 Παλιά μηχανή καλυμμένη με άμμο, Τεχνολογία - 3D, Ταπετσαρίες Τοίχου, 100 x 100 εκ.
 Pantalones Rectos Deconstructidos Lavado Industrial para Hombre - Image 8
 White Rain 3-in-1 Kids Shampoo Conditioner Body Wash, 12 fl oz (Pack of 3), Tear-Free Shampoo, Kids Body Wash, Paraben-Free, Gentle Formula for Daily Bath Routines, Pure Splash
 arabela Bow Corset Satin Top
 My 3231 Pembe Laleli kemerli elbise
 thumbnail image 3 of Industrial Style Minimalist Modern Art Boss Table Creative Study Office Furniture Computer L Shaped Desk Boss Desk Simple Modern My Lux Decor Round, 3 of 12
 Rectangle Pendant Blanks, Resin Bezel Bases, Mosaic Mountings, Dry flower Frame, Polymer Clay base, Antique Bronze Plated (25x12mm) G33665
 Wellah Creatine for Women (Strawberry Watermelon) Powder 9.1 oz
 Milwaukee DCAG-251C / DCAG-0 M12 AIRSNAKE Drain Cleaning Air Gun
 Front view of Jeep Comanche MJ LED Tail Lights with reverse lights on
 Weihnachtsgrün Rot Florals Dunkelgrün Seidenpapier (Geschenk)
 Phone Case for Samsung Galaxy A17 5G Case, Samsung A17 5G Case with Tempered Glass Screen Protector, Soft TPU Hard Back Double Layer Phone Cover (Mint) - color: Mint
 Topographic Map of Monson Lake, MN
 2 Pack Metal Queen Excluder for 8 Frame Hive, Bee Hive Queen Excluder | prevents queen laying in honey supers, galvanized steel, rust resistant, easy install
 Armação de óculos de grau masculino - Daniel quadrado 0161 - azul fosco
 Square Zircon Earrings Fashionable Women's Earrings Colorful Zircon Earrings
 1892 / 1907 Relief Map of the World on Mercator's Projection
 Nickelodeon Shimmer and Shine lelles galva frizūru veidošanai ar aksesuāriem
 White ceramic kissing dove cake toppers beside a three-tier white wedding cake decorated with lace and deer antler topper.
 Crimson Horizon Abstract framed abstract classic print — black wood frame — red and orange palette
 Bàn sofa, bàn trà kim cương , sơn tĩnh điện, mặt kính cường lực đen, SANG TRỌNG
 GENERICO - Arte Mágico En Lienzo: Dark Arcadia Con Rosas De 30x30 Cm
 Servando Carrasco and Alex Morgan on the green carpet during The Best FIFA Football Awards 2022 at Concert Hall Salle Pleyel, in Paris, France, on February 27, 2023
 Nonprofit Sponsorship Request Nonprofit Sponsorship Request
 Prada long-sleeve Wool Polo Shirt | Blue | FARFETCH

- **Required work**
Each line in the records above that contains the word "Industrial" must be copied.

- **Answer section**
 Pantalones Rectos Deconstructidos Lavado Industrial para Hombre - Image 8
 thumbnail image 3 of Industrial Style Minimalist Modern Art Boss Table Creative Study Office Furniture Computer L Shaped Desk Boss Desk Simple Modern My Lux Decor Round, 3 of 12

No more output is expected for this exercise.